◆ **WORK REQUEST**
Your answer must be every line of the data below that holds the string "with", copied exactly.

Collection entries
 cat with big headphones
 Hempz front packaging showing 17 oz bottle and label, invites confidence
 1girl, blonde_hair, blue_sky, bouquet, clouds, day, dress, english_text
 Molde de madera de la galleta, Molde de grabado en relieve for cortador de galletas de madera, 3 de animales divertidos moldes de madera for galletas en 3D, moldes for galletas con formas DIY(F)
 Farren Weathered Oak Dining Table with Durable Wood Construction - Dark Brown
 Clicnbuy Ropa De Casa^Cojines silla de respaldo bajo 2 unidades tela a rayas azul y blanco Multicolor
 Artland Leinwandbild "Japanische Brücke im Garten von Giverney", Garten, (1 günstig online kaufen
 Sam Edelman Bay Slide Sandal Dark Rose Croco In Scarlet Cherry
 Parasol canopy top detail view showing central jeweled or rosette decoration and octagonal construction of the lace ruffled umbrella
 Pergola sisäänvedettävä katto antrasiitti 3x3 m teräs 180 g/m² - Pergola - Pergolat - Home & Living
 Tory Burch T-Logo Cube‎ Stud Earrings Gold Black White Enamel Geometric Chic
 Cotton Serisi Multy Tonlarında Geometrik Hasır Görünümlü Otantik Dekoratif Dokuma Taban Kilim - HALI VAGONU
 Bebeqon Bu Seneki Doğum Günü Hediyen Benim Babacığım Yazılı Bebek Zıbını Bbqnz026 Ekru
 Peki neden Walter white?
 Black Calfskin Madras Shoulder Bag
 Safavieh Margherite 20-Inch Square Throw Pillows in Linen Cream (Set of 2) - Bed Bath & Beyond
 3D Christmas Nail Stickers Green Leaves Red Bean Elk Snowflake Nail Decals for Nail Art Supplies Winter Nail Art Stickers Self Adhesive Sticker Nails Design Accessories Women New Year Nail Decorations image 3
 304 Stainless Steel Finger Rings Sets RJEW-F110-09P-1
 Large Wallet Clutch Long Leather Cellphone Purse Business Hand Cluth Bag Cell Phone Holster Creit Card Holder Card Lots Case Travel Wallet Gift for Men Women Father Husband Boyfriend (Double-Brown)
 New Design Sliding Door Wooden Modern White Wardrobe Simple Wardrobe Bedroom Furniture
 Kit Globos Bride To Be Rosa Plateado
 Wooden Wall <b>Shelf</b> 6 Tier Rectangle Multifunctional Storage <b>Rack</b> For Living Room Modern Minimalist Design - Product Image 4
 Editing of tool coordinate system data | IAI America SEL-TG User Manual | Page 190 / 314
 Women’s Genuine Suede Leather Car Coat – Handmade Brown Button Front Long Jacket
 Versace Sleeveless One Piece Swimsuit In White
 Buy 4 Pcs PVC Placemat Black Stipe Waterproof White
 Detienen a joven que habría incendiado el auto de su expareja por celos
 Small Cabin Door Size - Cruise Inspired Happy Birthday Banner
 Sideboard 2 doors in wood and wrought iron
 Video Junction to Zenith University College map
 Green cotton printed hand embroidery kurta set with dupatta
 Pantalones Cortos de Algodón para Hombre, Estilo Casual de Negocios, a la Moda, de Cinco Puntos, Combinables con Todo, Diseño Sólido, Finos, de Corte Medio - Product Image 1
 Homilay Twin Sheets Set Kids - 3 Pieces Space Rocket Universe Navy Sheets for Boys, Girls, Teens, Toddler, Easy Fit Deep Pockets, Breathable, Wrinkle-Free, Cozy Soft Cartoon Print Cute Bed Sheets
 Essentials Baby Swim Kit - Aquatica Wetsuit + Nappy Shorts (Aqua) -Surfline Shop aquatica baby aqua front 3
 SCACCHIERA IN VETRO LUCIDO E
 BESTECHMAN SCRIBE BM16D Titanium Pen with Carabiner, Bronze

◆ **RESPONSE BELOW**
 cat with big headphones
 Farren Weathered Oak Dining Table with Durable Wood Construction - Dark Brown
 Green cotton printed hand embroidery kurta set with dupatta
 BESTECHMAN SCRIBE BM16D Titanium Pen with Carabiner, Bronze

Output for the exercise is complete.